- **EXERCISE**: Aside from the pictures, copy the listing exactly.

- **GIVEN MATERIAL**:
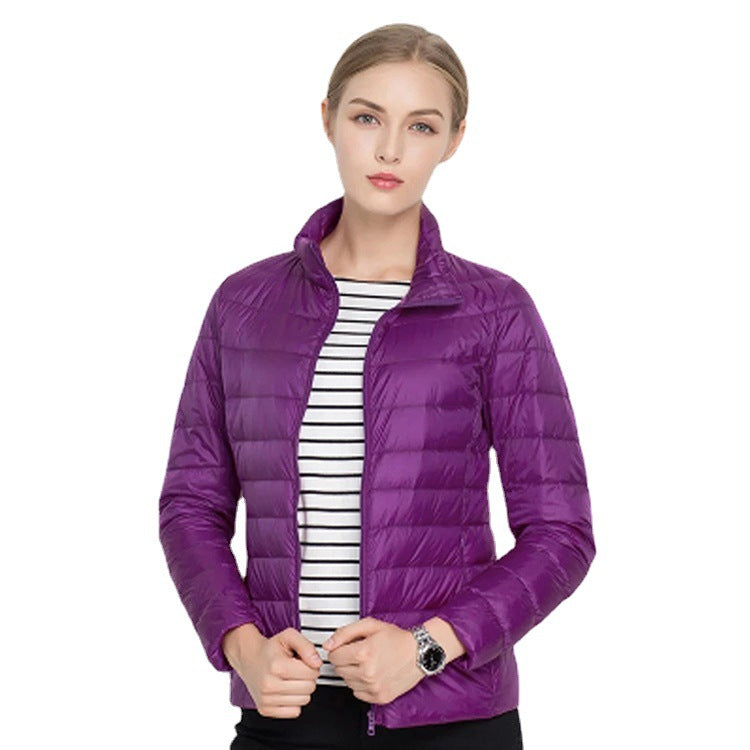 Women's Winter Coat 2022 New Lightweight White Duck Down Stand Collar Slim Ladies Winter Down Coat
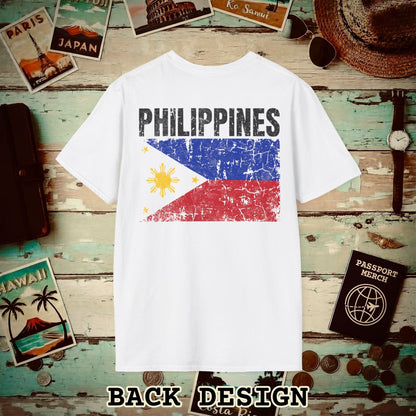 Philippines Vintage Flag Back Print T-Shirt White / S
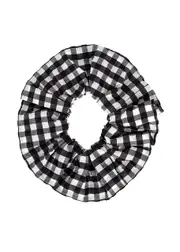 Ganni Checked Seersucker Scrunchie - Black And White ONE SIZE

- **TASK RESULT**:
 Women's Winter Coat 2022 New Lightweight White Duck Down Stand Collar Slim Ladies Winter Down Coat
 Philippines Vintage Flag Back Print T-Shirt White / S
 Ganni Checked Seersucker Scrunchie - Black And White ONE SIZE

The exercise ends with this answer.